More threads, slower code, even if not spawning them

Maybe I don’t understand how @spawn works, but here is what I am observing: When executing a parallel task with it, I observe that the performance is significantly worse if I have more threads available (i. e. starting julia with -tX with greater X) even if I am not spawning more threads.

An example code is bellow, but essentially what I see is:

  • Start julia with julia -t32 and execute the code spawning 32 threads: 216 μs
  • Start julia with julia -t64 and execute the code spawning 32 threads: 3.323 ms

How to understand this? The result of that is that in a parallel code, even if I know that it is not worth to spawn more threads because of the limited scalability, the performance gets worse just for the fact that more threads are available.

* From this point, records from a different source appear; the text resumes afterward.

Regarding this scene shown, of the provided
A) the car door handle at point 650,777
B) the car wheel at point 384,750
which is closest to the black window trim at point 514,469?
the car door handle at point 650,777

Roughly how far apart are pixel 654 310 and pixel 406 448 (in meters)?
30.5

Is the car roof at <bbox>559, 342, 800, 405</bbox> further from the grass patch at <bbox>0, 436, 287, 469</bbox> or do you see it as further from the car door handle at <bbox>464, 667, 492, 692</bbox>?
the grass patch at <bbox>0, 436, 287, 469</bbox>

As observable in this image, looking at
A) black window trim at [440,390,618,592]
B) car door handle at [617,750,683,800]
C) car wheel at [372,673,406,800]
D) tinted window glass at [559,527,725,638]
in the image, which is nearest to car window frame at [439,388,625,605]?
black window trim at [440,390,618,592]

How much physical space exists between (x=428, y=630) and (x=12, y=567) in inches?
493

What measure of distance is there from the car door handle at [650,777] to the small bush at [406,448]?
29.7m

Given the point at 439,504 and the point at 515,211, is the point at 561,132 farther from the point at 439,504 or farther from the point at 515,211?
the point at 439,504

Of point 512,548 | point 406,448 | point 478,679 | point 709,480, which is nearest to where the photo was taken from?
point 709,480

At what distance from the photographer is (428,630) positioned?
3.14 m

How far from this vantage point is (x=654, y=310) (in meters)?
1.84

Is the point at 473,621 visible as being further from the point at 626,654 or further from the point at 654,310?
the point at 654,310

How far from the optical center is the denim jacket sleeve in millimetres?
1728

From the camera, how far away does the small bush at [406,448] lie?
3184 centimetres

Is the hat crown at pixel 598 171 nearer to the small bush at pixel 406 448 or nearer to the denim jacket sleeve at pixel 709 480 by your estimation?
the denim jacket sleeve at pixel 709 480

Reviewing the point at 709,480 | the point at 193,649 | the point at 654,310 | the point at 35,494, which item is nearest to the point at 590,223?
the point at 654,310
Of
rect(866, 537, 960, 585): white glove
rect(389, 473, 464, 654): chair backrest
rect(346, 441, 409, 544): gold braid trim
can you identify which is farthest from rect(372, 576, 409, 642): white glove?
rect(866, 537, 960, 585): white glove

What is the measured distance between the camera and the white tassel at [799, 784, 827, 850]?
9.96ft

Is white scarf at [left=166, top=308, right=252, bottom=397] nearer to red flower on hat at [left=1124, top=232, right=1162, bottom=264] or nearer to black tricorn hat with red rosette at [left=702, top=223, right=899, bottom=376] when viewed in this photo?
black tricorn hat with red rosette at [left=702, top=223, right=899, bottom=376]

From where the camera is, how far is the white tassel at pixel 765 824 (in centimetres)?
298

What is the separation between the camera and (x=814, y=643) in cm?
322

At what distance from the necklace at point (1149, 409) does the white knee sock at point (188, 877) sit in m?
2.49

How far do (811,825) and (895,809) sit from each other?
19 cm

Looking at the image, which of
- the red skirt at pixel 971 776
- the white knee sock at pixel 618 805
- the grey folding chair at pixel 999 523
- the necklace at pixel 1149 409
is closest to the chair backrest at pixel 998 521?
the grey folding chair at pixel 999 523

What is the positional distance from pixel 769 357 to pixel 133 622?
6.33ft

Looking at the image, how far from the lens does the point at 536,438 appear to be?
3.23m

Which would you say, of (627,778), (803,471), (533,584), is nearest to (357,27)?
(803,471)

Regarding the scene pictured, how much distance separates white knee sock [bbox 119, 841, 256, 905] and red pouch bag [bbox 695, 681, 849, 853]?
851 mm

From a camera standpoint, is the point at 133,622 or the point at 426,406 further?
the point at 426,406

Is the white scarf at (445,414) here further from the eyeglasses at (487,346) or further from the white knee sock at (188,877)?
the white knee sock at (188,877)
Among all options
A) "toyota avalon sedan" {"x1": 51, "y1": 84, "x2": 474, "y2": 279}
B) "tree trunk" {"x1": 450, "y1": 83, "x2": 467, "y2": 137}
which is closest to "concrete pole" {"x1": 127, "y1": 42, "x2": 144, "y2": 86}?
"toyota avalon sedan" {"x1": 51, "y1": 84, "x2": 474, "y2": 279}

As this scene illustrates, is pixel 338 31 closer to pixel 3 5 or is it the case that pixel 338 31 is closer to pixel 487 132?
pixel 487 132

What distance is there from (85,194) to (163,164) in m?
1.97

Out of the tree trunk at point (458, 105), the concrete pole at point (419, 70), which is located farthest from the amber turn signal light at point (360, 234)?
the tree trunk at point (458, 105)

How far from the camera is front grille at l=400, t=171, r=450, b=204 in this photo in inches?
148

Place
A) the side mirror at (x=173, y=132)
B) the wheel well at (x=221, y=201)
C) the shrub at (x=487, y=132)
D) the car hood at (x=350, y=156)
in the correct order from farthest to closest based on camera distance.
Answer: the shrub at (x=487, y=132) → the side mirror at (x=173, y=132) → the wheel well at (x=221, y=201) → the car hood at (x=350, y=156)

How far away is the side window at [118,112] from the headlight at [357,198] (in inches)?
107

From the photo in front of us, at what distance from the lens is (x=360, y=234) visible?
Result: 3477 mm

(FWIW, this is in a computer with 128 real cores)

Test code:

using Base.Threads: @spawn
using LinearAlgebra: norm
using StaticArrays
using Test

# Parallel code for sum(norm.( x - y for x in x, y in y ))
function sumd(x,y,nbatches;aux=zeros(nbatches))
    @assert length(x)%nbatches == 0
    batchsize = length(x) ÷ nbatches
    aux .= 0.
    @sync for ibatch in 1:nbatches
        ifirst = (ibatch-1)*batchsize + 1
        ilast = ibatch*batchsize
        @spawn begin
            for i in ifirst:ilast
                for j in 1:length(y)
                    @inbounds aux[ibatch] += norm(y[j]-x[i])
                end
            end
        end
    end
    return sum(aux)
end

function test(nbatches)
    x = [ rand(SVector{3,Float64}) for _ in 1:6400 ]
    y = [ rand(SVector{3,Float64}) for _ in 1:10 ]
    @test sumd(x,y,nbatches) ≈ sum(norm.( x - y for x in x, y in y ))
    aux = zeros(nbatches)
    @btime sumd($x,$y,$nbatches;aux=$aux)
end

Here is the step-by-step:

Start Julia with 32 threads, and spawn 32 tasks:

[lmartine@adano58 old]$ JULIA_EXCLUSIVE=1 julia -t32
               _
   _       _ _(_)_     |  Documentation: https://docs.julialang.org
  (_)     | (_) (_)    |
   _ _   _| |_  __ _   |  Type "?" for help, "]?" for Pkg help.
  | | | | | | |/ _` |  |
  | | |_| | | | (_| |  |  Version 1.7.0 (2021-11-30)
 _/ |\__'_|_|_|\__'_|  |  Official https://julialang.org/ release
|__/                   |

julia> include("./test.jl")
test (generic function with 1 method)

julia> test(32)
  216.054 μs (205 allocations: 17.83 KiB)
42508.465422704496

Start Julia with 64 threads, and spawn again 32 tasks:

[lmartine@adano58 old]$ JULIA_EXCLUSIVE=1 julia -t64
               _
   _       _ _(_)_     |  Documentation: https://docs.julialang.org
  (_)     | (_) (_)    |
   _ _   _| |_  __ _   |  Type "?" for help, "]?" for Pkg help.
  | | | | | | |/ _` |  |
  | | |_| | | | (_| |  |  Version 1.7.0 (2021-11-30)
 _/ |\__'_|_|_|\__'_|  |  Official https://julialang.org/ release
|__/                   |

julia> include("./test.jl")
test (generic function with 1 method)

julia> test(32)
  3.323 ms (205 allocations: 17.83 KiB)
40862.74149814549


1 Like

Is your system hyper threaded? what are the number of physical cores?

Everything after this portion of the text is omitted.